▶ **WORK REQUEST**
Produce word for word the lines of the data below running from the one that has "На вулиці Академіка" to the one that has "Apple iPhone 11 64GB Green - Záruka - 3", inclusive, and no others.

▶ **RECORD SET**
********************
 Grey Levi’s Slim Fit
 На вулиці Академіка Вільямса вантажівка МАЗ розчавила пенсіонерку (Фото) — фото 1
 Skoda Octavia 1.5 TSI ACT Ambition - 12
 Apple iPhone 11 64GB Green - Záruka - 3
********************
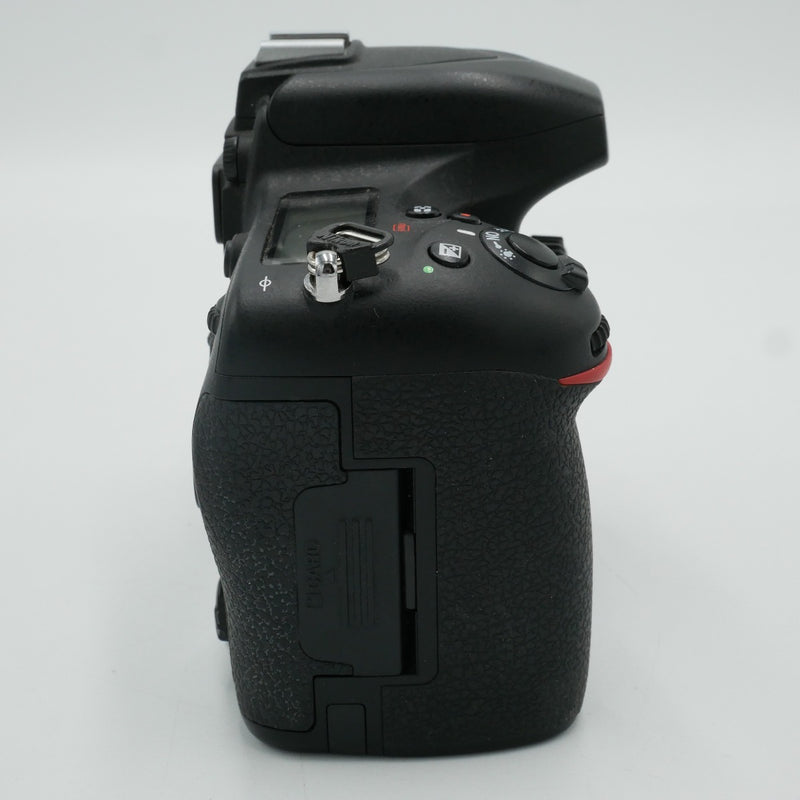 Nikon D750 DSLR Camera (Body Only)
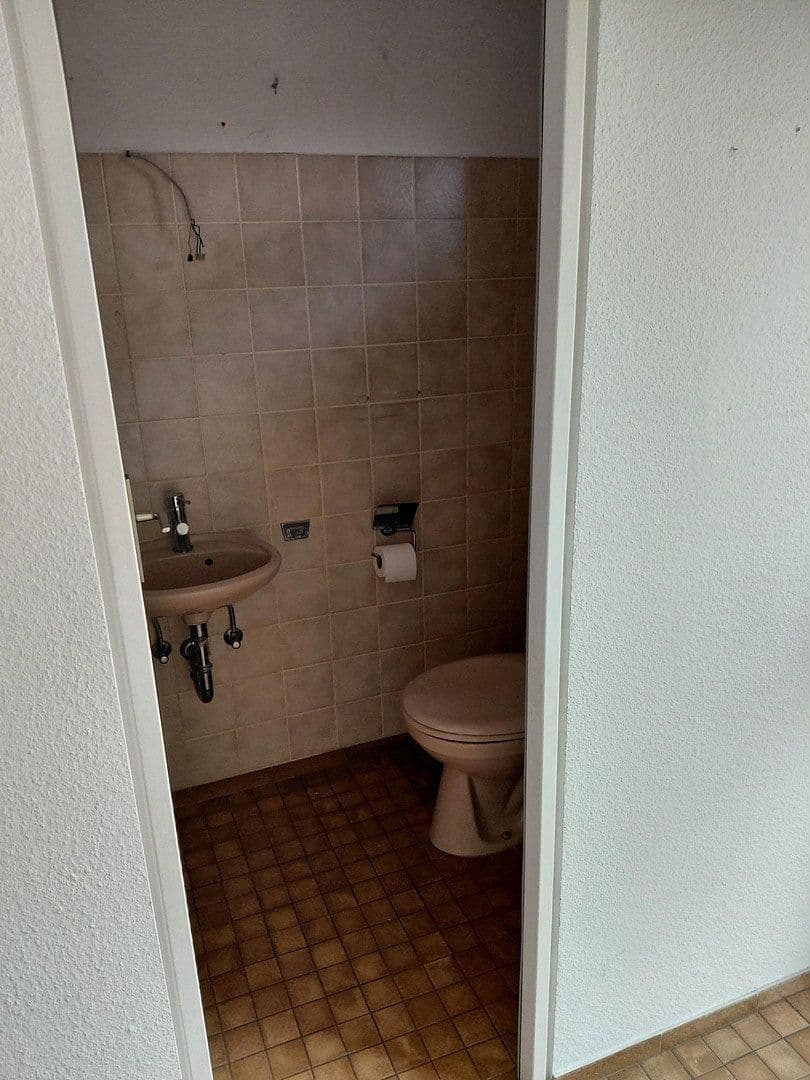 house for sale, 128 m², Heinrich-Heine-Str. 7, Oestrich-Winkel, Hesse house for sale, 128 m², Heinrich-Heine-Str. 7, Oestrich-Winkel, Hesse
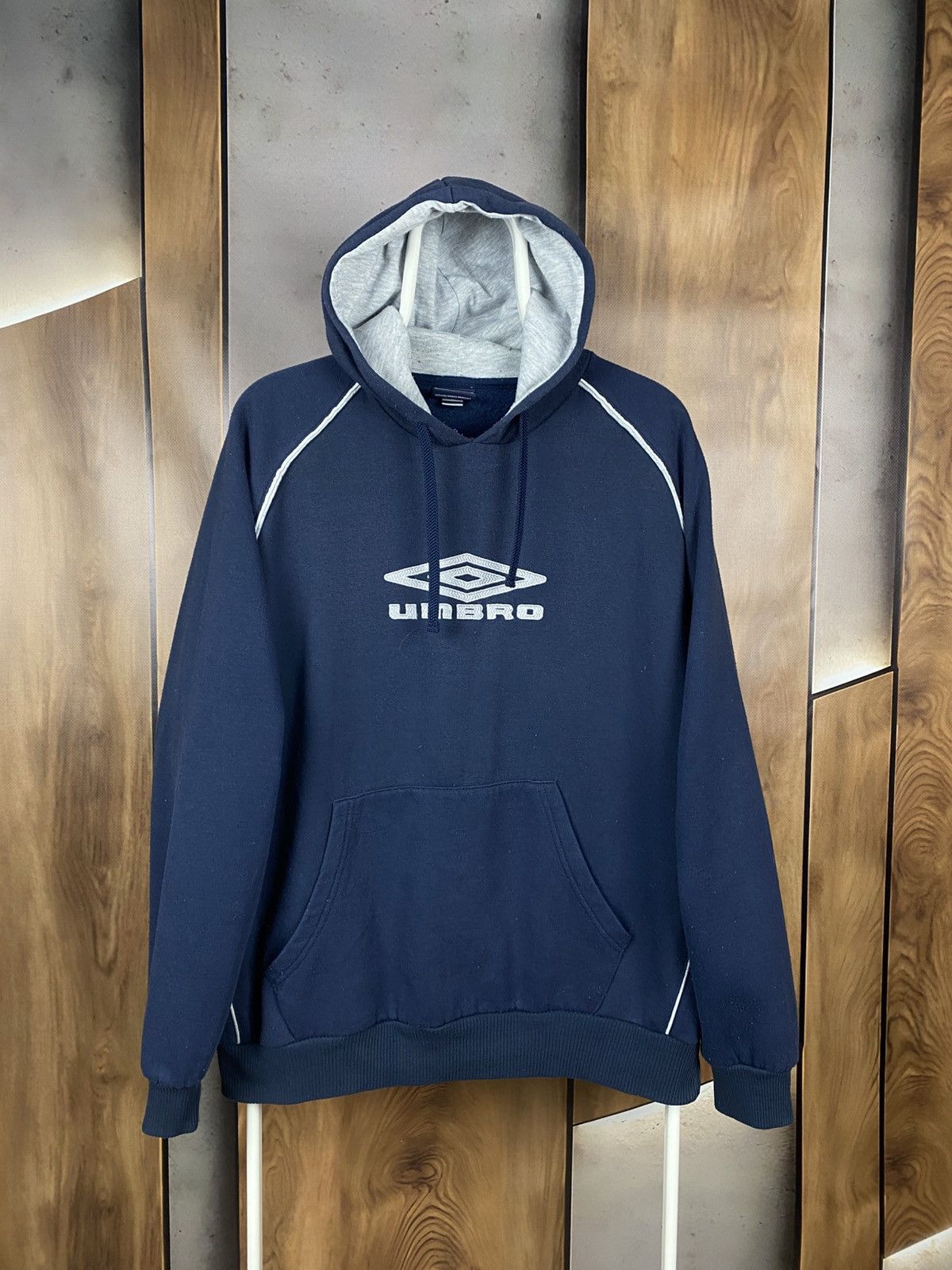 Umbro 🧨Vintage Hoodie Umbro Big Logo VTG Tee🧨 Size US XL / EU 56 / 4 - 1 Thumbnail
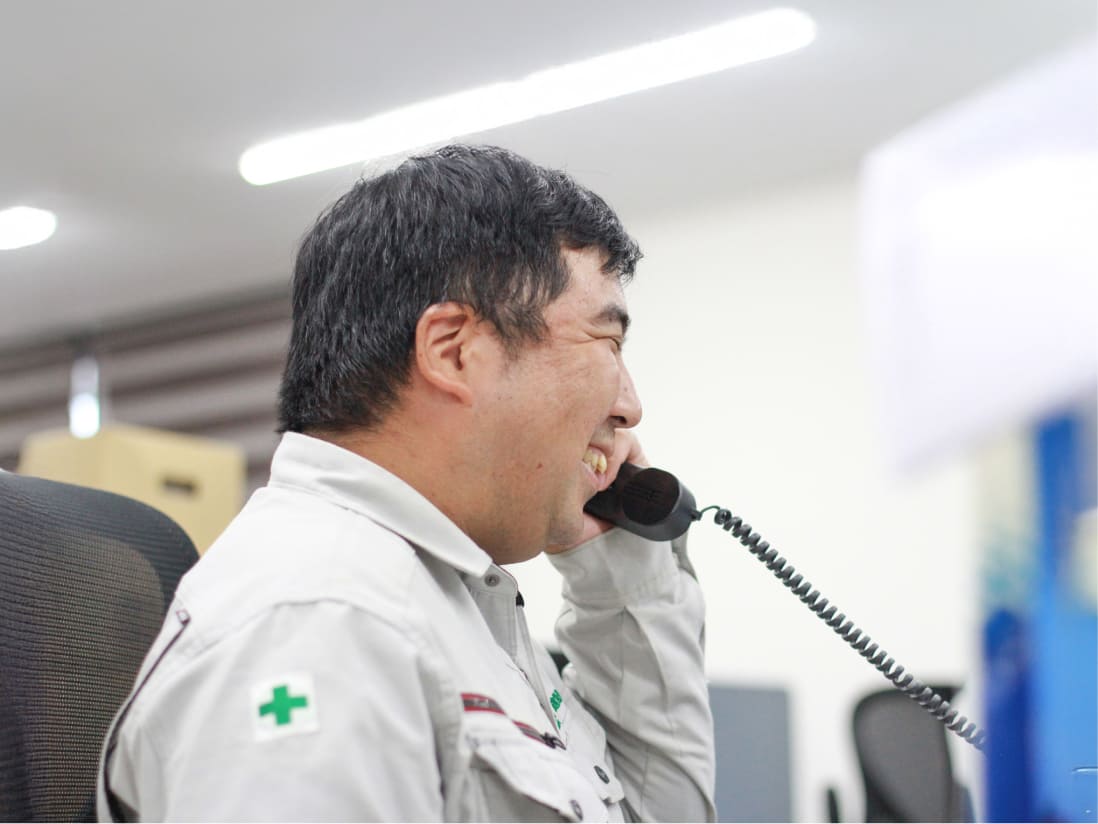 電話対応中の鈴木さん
********************
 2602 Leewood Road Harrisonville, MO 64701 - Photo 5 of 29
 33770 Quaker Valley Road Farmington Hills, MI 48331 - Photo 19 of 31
********************
▶ **RESPONSE TO THIS EXERCISE**
 На вулиці Академіка Вільямса вантажівка МАЗ розчавила пенсіонерку (Фото) — фото 1
 Skoda Octavia 1.5 TSI ACT Ambition - 12
 Apple iPhone 11 64GB Green - Záruka - 3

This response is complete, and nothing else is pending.